A volta de Mancini ao América-MG não surpreende e é um retrato do nosso futebol – 12/04/2022

A volta de Vágner Mancini ao América de Minas é um daqueles acontecimentos que, por si só, retrata várias facetas de nossa Futebol e até mesmo nossa sociedade. Isso não deve surpreender ninguém. Não estou julgando nenhum dos lados. As coisas são como são.

Mancini foi duramente criticado no ano passado quando mudou uma América que disputava um lugar no Libertadores e fez um grande brasileiro (para reivindicações do clube) por um Guilda praticamente rebaixado.

Mesmo sem Mancini, o América entrou na Libertadores (na fase preliminar), apesar da piora no desempenho. Mesmo com Mancini, o Grêmio caiu, apesar do desempenho melhorado.

Eles concluíram que era melhor começar de novo. Aqui, poucas pessoas pagam pelos erros que cometem. Perdoai uns aos outros como eu vos perdoei. Um homem. Siga o jogo. O passado raramente influencia o presente.

Muito debate tem girado em torno do conceito. Como um técnico pode deixar um bom emprego para ter uma barca com vazamento? “Então eles reclamam.” “Os treinadores fazem o mesmo que os gestores”. “Você não pode confiar em ninguém.” Frases que foram jogadas na época. Enquanto tendemos a defender treinadores e dirigentes atacantes dos golpes bizarros do futebol brasileiro, é normal que a opinião pública fique indignada quando a suposta vítima faz o que os algozes fazem.

Não estou criticando Mancini conceitualmente. Não porque eu concorde com o conceito. Mas porque é assim que funciona, e clubes e treinadores que tentam fazer algo diferente não conseguem sustentá-lo. Devemos mudar as regras para impor relações de trabalho mais saudáveis, é inútil esfaquear a cara.

Só acho que foi uma decisão estúpida de Mancini na época. Era melhor ter ficado na América do que ter ido para o Grêmio. O tamanho dos clubes não é contestado, mas era quase impossível mudar o cenário. Ele teve sorte, surgiu a oportunidade de voltar para a América, então seja feliz.

Critico os treinadores, e até outro dia o Mancini era presidente de uma associação de treinadores, confesso que não sei se ainda o é. Critico porque o horário e as práticas nocivas do futebol brasileiro são ruins para bons treinadores, mas ótimos para maus treinadores. Basta estar “na roda”. Aproveitam-se da incompetência dos dirigentes para aproveitar as cadeiras musicais e ganhar muito dinheiro.

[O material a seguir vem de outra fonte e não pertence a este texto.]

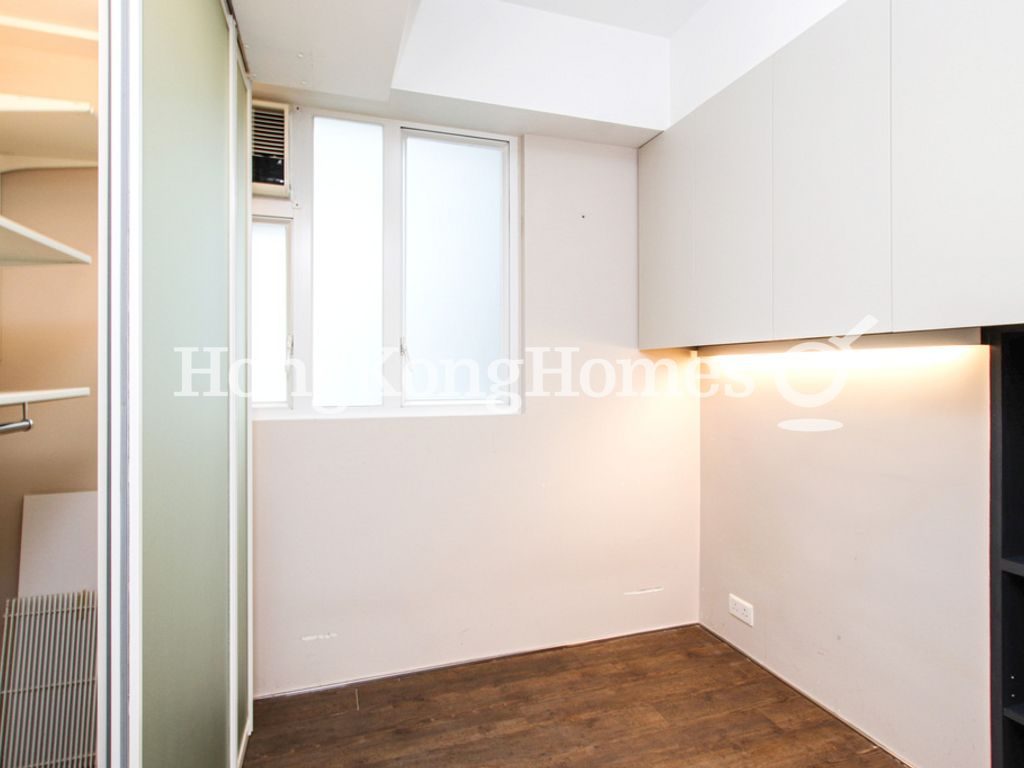 Third Bedroom — 嘉蘭閣，跑馬地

Em outras palavras, eles nunca estavam interessados ​​em mudar. Bastou adotar o discurso vitimista, que todos nós da imprensa compramos. Eles nunca se moveram um centímetro para criar regras que os protegessem – mas isso restringiria um pouco o mercado a eles mesmos.

O pepino é que essa restrição veio com a chegada de estrangeiros. E agora estão sem regras de proteção, sem horas decentes e também sem emprego e sem os salários absolutamente incompatíveis que recebiam. Em cadeiras musicais, eles levaram meio golpe.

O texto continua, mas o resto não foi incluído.